Quienes hayáis mirado al cielo estos días, con esa mirada soñadora e ilusionada con la que ha de hacerse, estoy seguro de que os habréis percatado de que, desde el viernes pasado, hay una nueva estrella.

¿Que a qué se deberá esa nueva estrella? Yo os lo diré… es mi abuelo, que desde ese día y a sus 96 años de edad, volvió a "la casa" ,a compartir espacios con Susana, la que fuese su mujer.

Fue un hombre ligado a la tierra, a la naturaleza. Fue cazador, de los de antes, de los que tenían en la actividad cinegética un medio de supervivencia (su perra Caspita, su escopeta rudimentaria).

Fue herrero, por ese apelativo se le conocía, supo forjar los aperos de labranza y las herraduras que calzasen las caballerías que tirarían de ellas. Y fue quien, con su hacer, ayudaba a que la matanza del cerdo fuese un ritual al par que una fuente de suculentas viandas para las gentes de mi pueblo.

Cómo olvidar la manzanilla que cogía, las moras “pal Alberto _decía_” o las nueces que me cascaba para que yo no me tuviese que molestar.

Nos enseñó esa máxima de “estar ahí”. Ser partícipe pese a no oír (su trabajo en la fragua le privó de ese sentido); o de no ver, como es mi caso.

Cada domingo iba a misa sin importar que no oyese lo que en ella se decía.

Supo regalar sonrisas a quien se paraba a saludarle, o se acercaba a decirle algo. Y supo, también, crearlas por medio de sus expresiones y calidez, eso sí con la sobriedad del castellano.

No se resignó a la pasividad de ir dejando que la vida transcurriese vacía. Mantuvo el afán por enterarse de cuanto sucedía (siempre pendiente de la tele o el periódico), vigilando quién iba o venía, pidiendo que le dejasen ayudar en casa.

Ejemplificó el gusto por la disciplina: ése darle cuerda al reloj de bolsillo cada día, ése tomarse las gotas que le habían prescrito, esa rigidez en los horarios…

No puedo olvidar cómo me hablaba de los tiempos en que, allá por la posguerra, había venido a Madrid y los recuerdos que le quedaron (la pensión en la calle Amor de Dios, la farmacia El Globo…). De tantos otros recuerdos como cuando condujo el Man, el primer tractor que venía al pueblo o cuando conoció a Manolo Escobar y sus hermanos.

Al tiempo que escribo estos recuerdos, le veo, vislumbro su porte erguido, alto, su boina, la gayata. Veo cómo se afana en darnos los “aguinaldos” y cómo cada vez le digo “que nos los des muchos años”…

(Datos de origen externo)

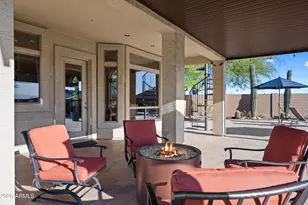 3810 N Red Sky Cir, Mesa, AZ 85207 - Photo 22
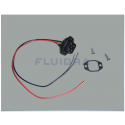 Conector para Bombas Exactus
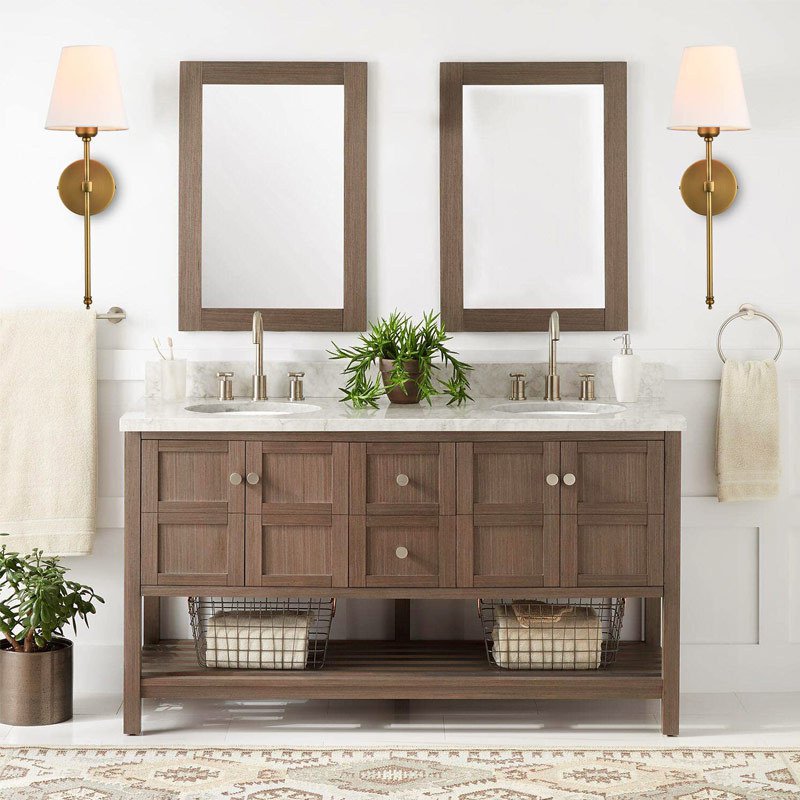 실내 충전식 벽등 라이트 럭셔리 벽등 리모컨 침실 복도등 무선벽등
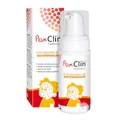 PoxClin CoolMousse для больных оспой пена 100 мл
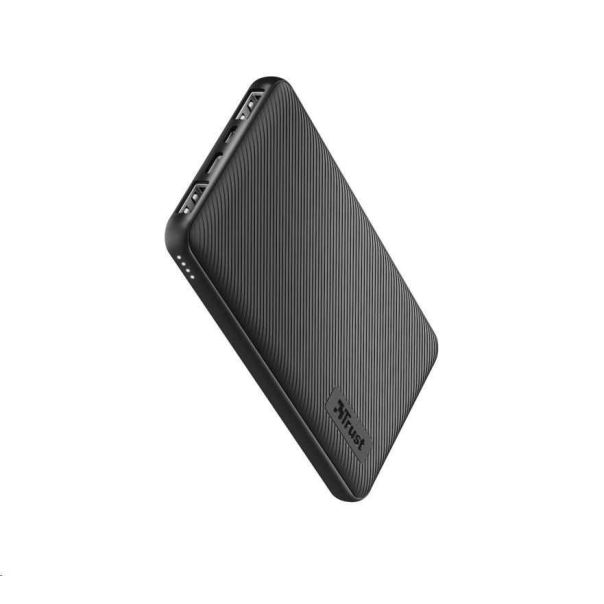 TRUST Power bank Primo ECO 10000mAh - 24678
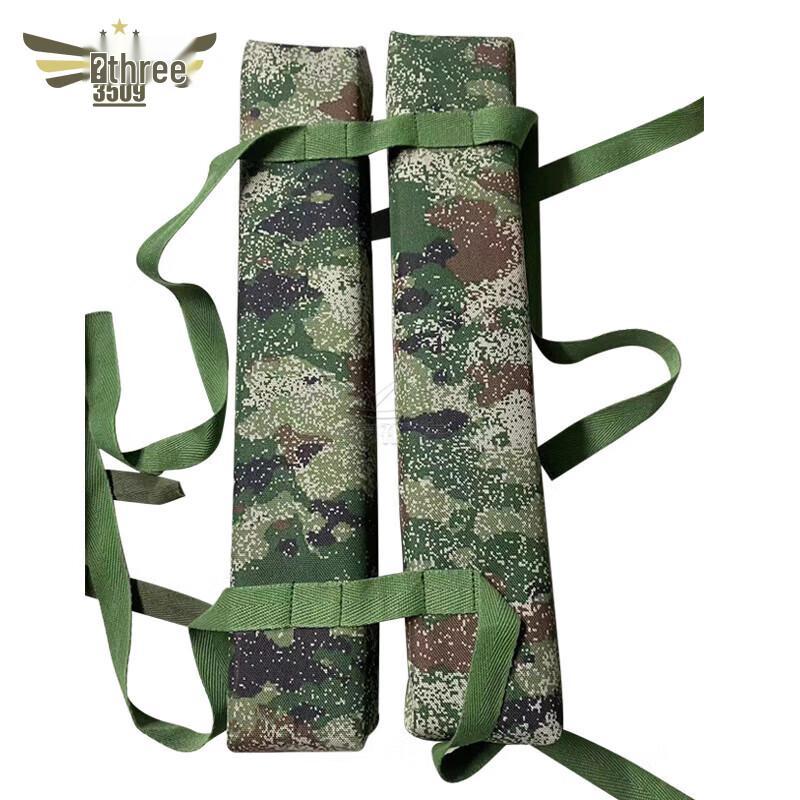 Outdoor Rescue Floating Training Equipment Bag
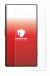 Image of the device ZTE Nubia Red Magic 8 Pro with a wide variety of screen protectors.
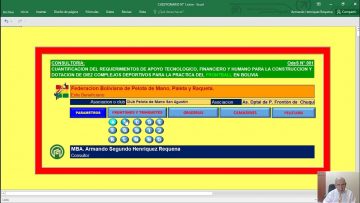 Private: [ID: okdPMqAEask] Youtube Automatic
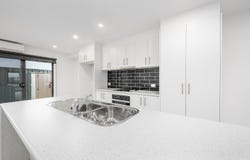 Shepparton, Vic 3630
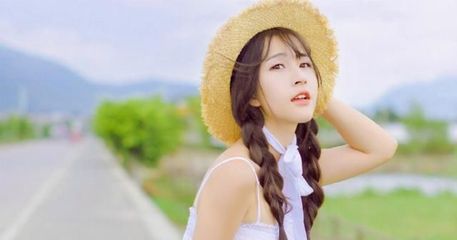 天生善良的生肖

Oigo los martillazos en el yunque, el calor de la fragua alimentado por el fuelle…

Morir en casa, con la mente lúcida, sin apenas dolores, teniendo sus manos sostenidas por sus dos hijas, recibiendo el respeto y la compañía de mucha gente y siendo objeto de una misa “para él”, no como esos tantos funerales hechos a modo de plantilla en los que sólo varía el nombre de los protagonistas.

Y aún más, recibiendo (estoy seguro de que él lo contempló) el sentimiento ejemplar, genuino, pleno, desgarrado,de sus dos biznietas con un gesto como muestra: Isabel pidiendo que se introdujese en el ataúd la baraja con la que jugaban o cómo Susana lloraba sostenida por mi brazo.

Gracias a Dios por regalarme el haber podido presumir de un abuelo como él durante tantos años y gracias a Él por dejarme recuerdos compartidos.